Schon daraus ergibt sich, dass die Beschwerdeführerin dadurch, dass mit dem angefochtenen Bescheid ausschließlich über deren Haftungsinanspruchnahme, nicht aber auch über den Abgabenanspruch gegenüber der R GmbH abgesprochen wurde, nicht in ihren Rechten verletzt wurde.

Die Beschwerde erweist sich somit als unbegründet und war daher gemäß § 42 Abs. 1 VwGG abzuweisen.

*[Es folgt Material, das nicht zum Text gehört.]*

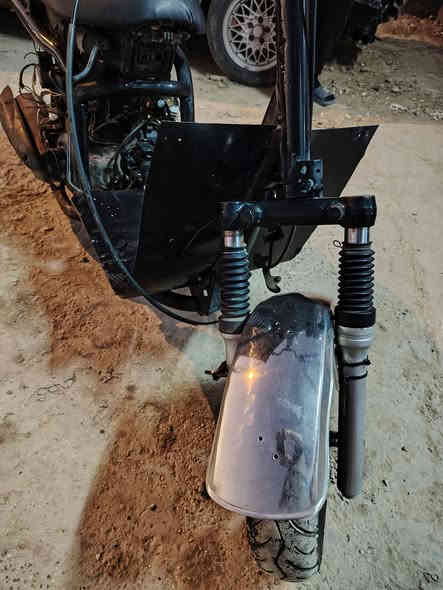 السلام عليكم من رخصت الدمن المحترم فراشه فحل مكينه مفتوحه قبل سنه مجفته بوشه اصليه وتجفيته كله تفصيخ اصلي مشروطه المكينه لا تنقيص ولا تبخير سرعه فول 140مبدل ستوني كابريتر وعقل وملف وكتف شحن ودبلات ويدت بانزين وسيامه ويدت بريك وبنزات شي عله شي الله وكيلكم ذاب عليه 130الف رايدخ 165 دراجه تاخذه كلش مذب عليه هاي فيحال اذا تريد ذب فقط ترتيب اكسسوارات غيره مذب دهن ستوني بدلت بانزين مفوله وتاركه لنو ماطلع بيه عدي سياره فه مامحتاجه جنت مخليه شغلي اطلع بيه الي تفيده بخدمته عنواني نجف ناحيت الحريه ***********تواصل
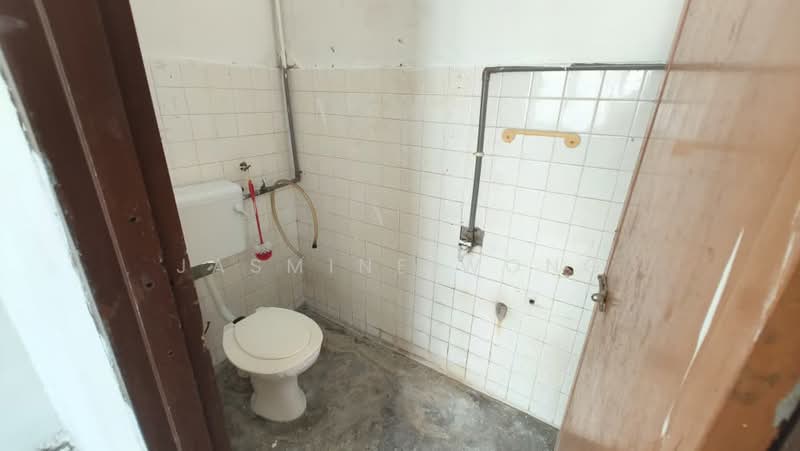 Shop for Sale in Cheras (Kuala Lumpur) - Jasmine Wong - Bathroom - PropertyGuru.com.my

Da die Schriftsätze der Parteien des verwaltungsgerichtlichen Verfahrens und die dem Verwaltungsgerichtshof vorgelegten Akten erkennen lassen, dass die mündliche Erörterung eine weitere Klärung der Rechtssache nicht erwarten lässt, und Art. 6 Abs. 1 der Konvention zum Schutze der Menschenrechte und Grundfreiheiten, BGBl. Nr. 210/1958, dem nicht entgegensteht, konnte gemäß § 39 Abs. 2 Z 6 VwGG von der beantragten Verhandlung abgesehen werden.

Die Kostenentscheidung stützt sich auf die §§ 47 ff VwGG in Verbindung mit der Verordnung BGBl. II Nr. 455/2008.